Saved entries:

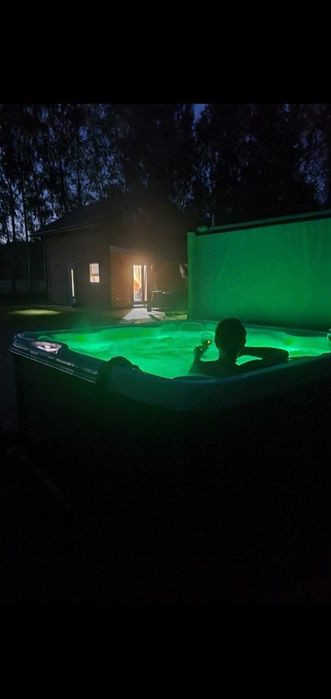 Wieczór Panieński z Jacuzzi i sauną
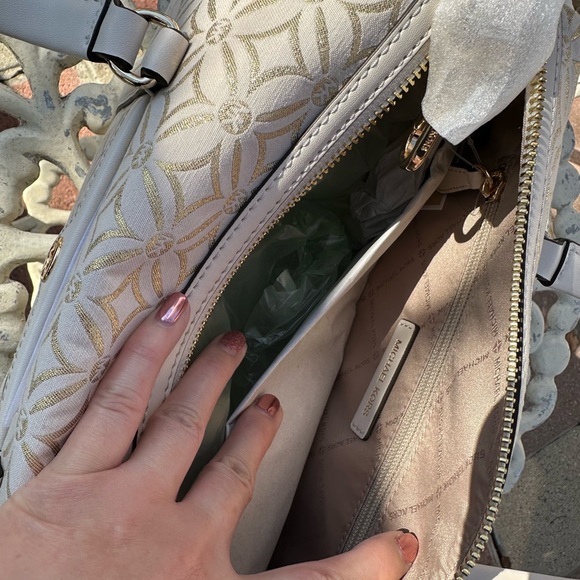 Michael Kors Patterned Women's Bag Set - Picture 6 of 16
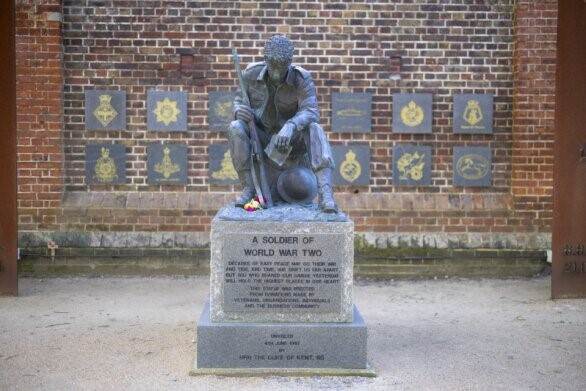 Gedenksteen voor de Normandy Memorial Wall.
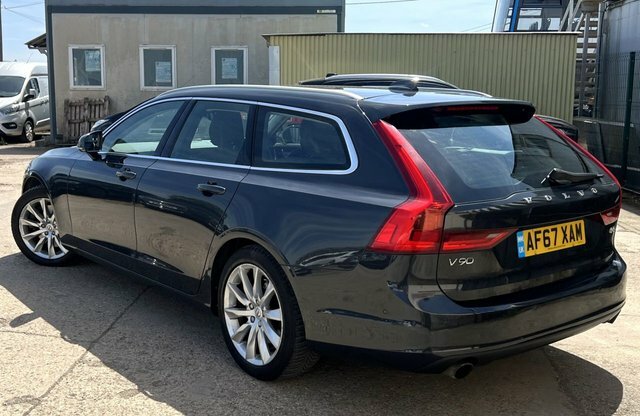 Volvo V90 2.0 D5 Powerpulse Momentum Estate AF67XAM Grey #4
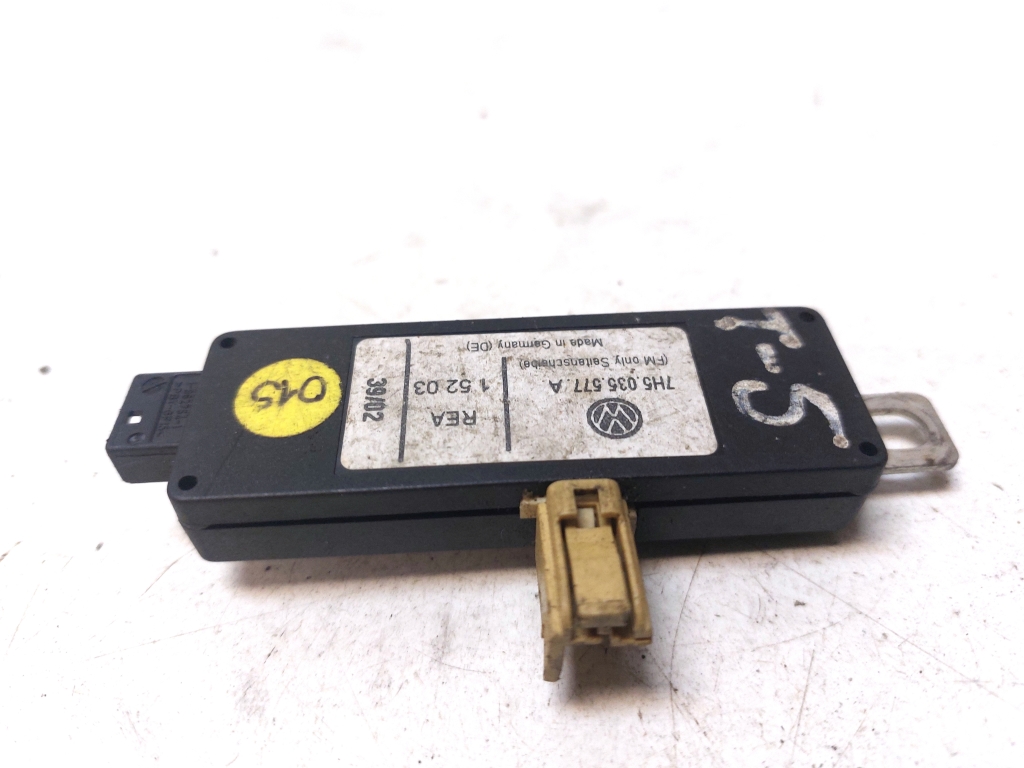 Volkswagen Transporter T5 (2003–2015) Antennenverstärker 7H5035577A Volkswagen Transporter T5 (2003–2015) Antennenverstärker 7H5035577A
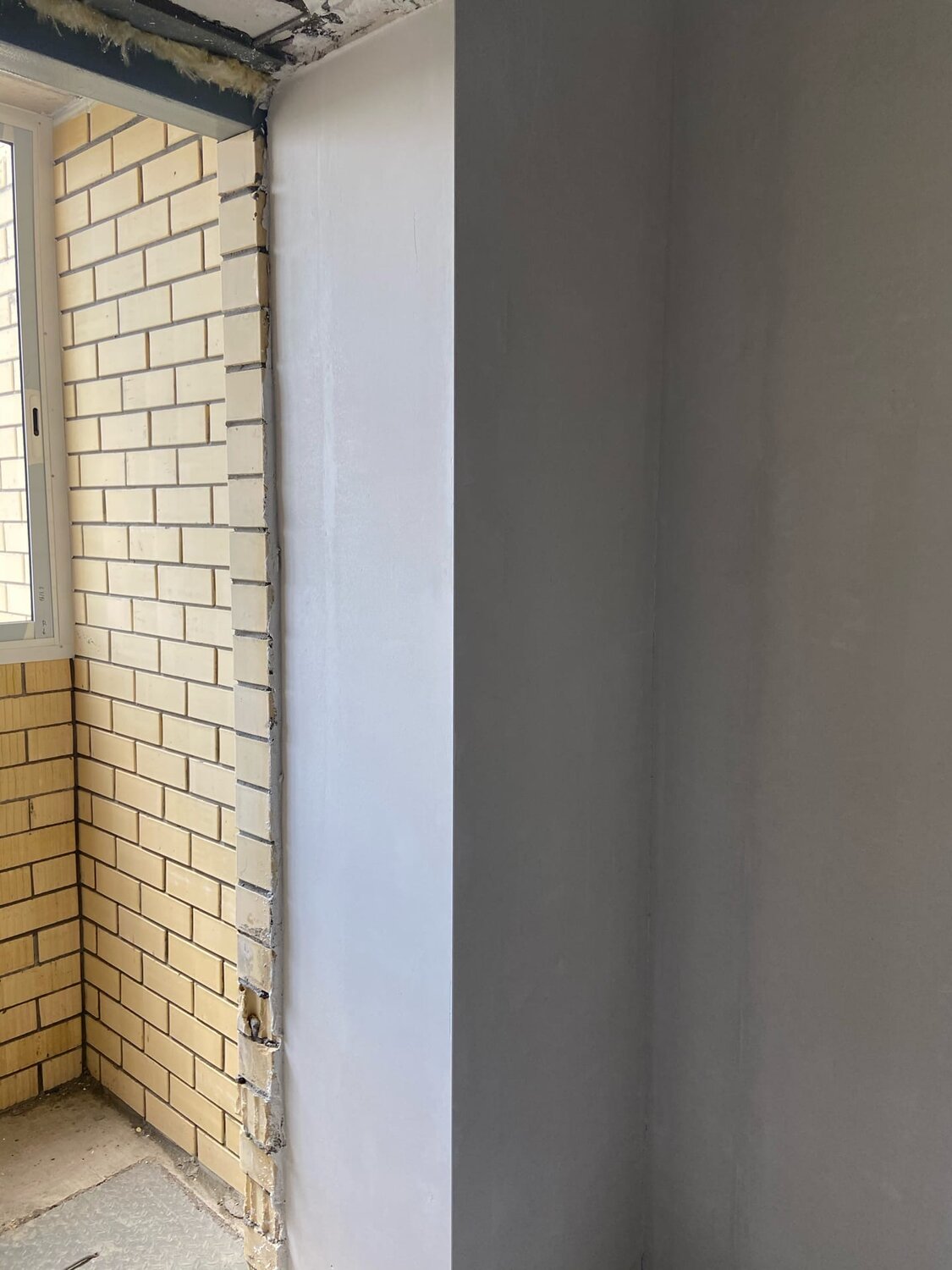 штукатурка стен, механизированная штукатурка стен, шпаклевка стен, черновая штукатурка, штукатурка откосов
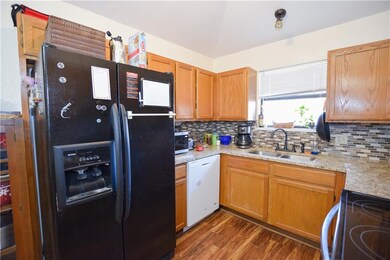 917 N Blackwelder Ave, Edmond, OK 73034 - photo 4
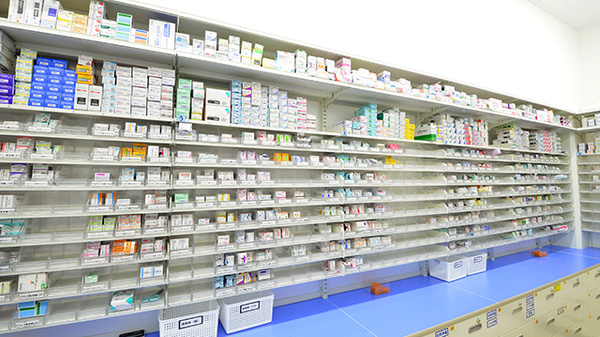 スギ薬局 新狭山店の薬棚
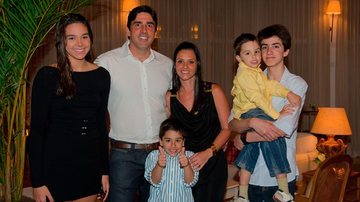 Giovane Gávio comemora aniversário em família - Fábio Miranda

**WHAT IS BEING ASKED:** From the first line to the last, write out the data exactly, omitting any pictures.

**WRITTEN REPLY:**
 Wieczór Panieński z Jacuzzi i sauną
 Michael Kors Patterned Women's Bag Set - Picture 6 of 16
 Gedenksteen voor de Normandy Memorial Wall.
 Volvo V90 2.0 D5 Powerpulse Momentum Estate AF67XAM Grey #4
 Volkswagen Transporter T5 (2003–2015) Antennenverstärker 7H5035577A Volkswagen Transporter T5 (2003–2015) Antennenverstärker 7H5035577A
 штукатурка стен, механизированная штукатурка стен, шпаклевка стен, черновая штукатурка, штукатурка откосов
 917 N Blackwelder Ave, Edmond, OK 73034 - photo 4
 スギ薬局 新狭山店の薬棚
 Giovane Gávio comemora aniversário em família - Fábio Miranda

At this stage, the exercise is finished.